So, what can you do to help your car, when it’s spending less time on the roads?
One of the biggest concerns of an idle car is the battery, and this really depends on whether the vehicle will be driven at all. Vehicles that are driven periodically might not need additional battery maintenance. If you can get out, then a short drive that gets the oil temperature up will help to keep the battery topped up. If you can’t drive it at all, then investing in a trickle charger can be worthwhile. These devices can determine the exact type of battery your car has and then charge them appropriately.
Tyres And Flat Spots
Tyre pressure should be checked regularly to make sure that they are in line with manufacturer recommendations. If a car hasn’t moved for a long period of time, then tyres can get flat spots. It is often worth rolling the vehicle and resituating the tyres every couple of weeks to avoid deterioration. You can use jack stands to take the weight off the tyres if you are storing the vehicle for a long time.

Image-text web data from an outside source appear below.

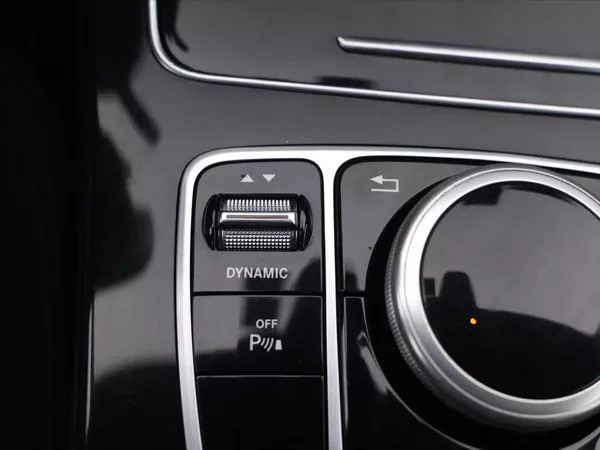 Mercedes-Benz Třídy C 2,1 220d 125kW Aut.klima Tažné - foto 20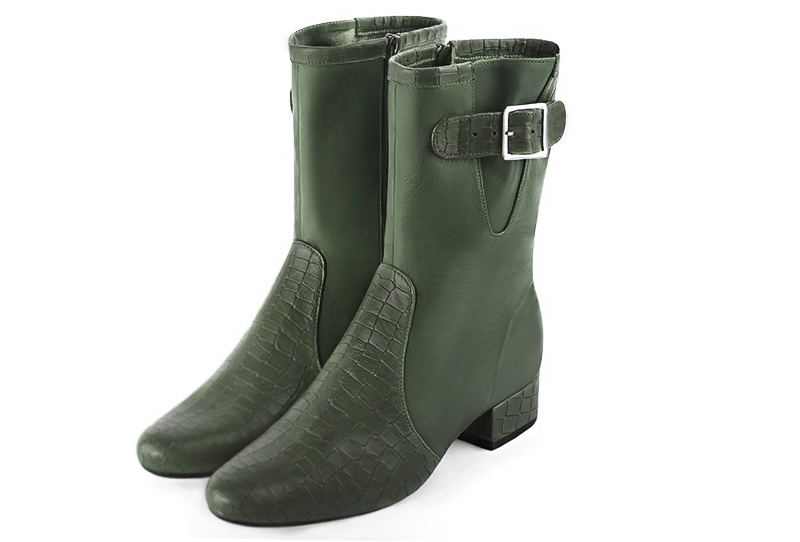 Women's forest green elegant ankle boots, with buckles on the sides. Round toe. Low block heels - Front view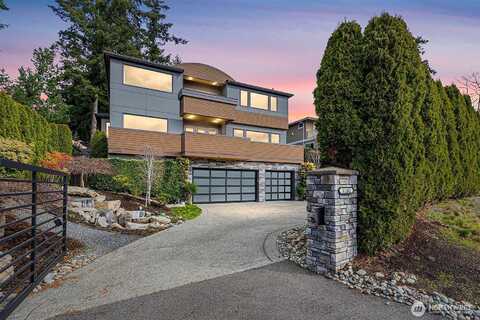 34Th, BELLEVUE, WA 98004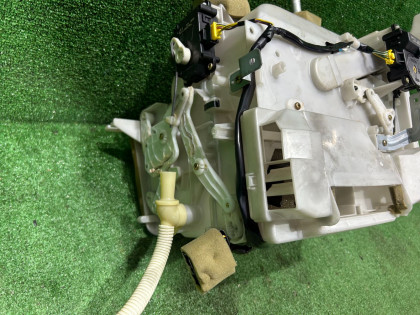 ヒーターユニット SUBARU LEGACY OEM 72110AE000 BHE BH9 BH5 BE5 BE9 BEE 2002 EJ206 AT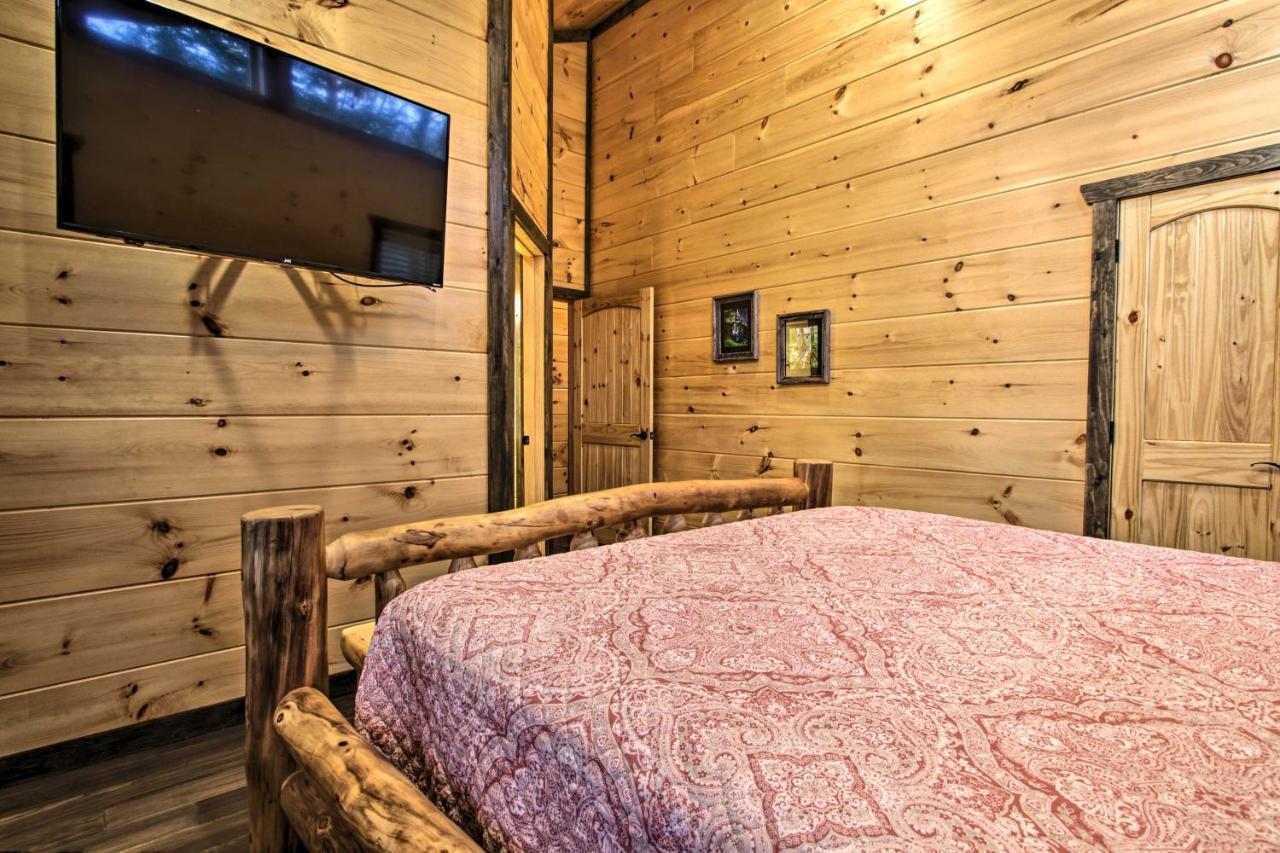 Luxe Cabin With Home Theater Less Than 2 Miles To Gatlinburg Dış mekan fotoğraf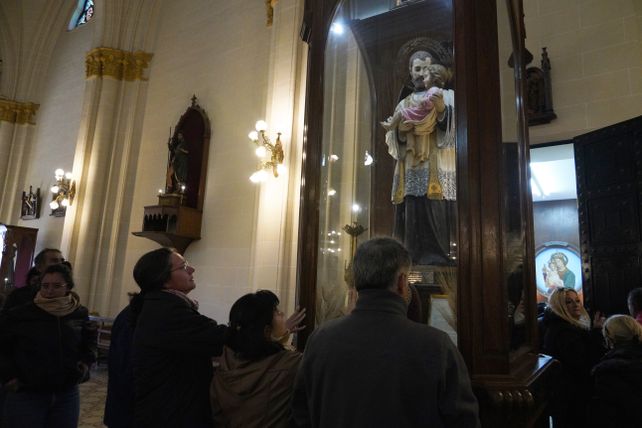 Violencia sin fin, pedidos, agradecimientos, rezos y una insólita escasez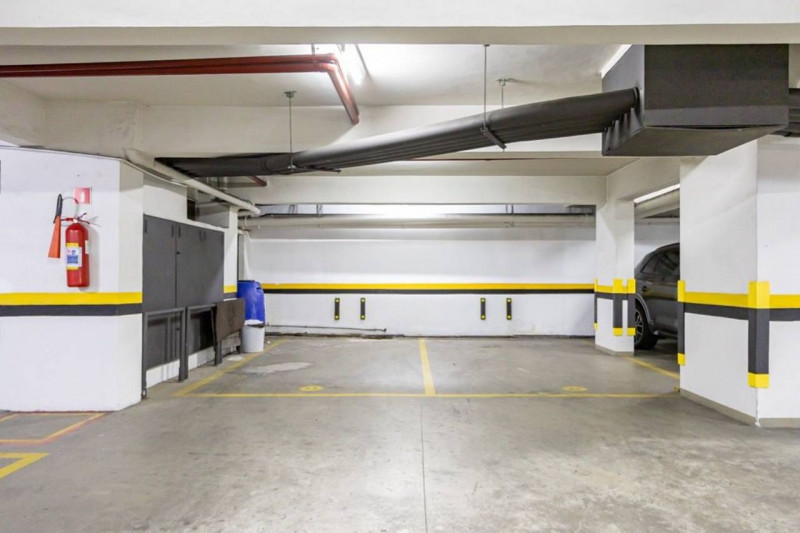 Comercial à venda Juvevê com 263m² e 1 quarto por R$ 1.900.000 - 1178331946-jrqejrjfxwsl.jpg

When a vehicle isn’t used regularly, it can lead to the oil deteriorating because of temperature changes. If you are storing your car, aim to change the oil every six months, even if you are driving it occasionally. We always recommend changing the oil before your first proper drive out after storage, to make sure there is no water condensation in the oil.
If your car is going to be sitting stationary for a long time, then it is best to fill up the tank first. This helps to reduce condensation, which can be caused by changes in temperature. A full tank will last about six months, and it can be worthwhile investing in a fuel additive at this time too.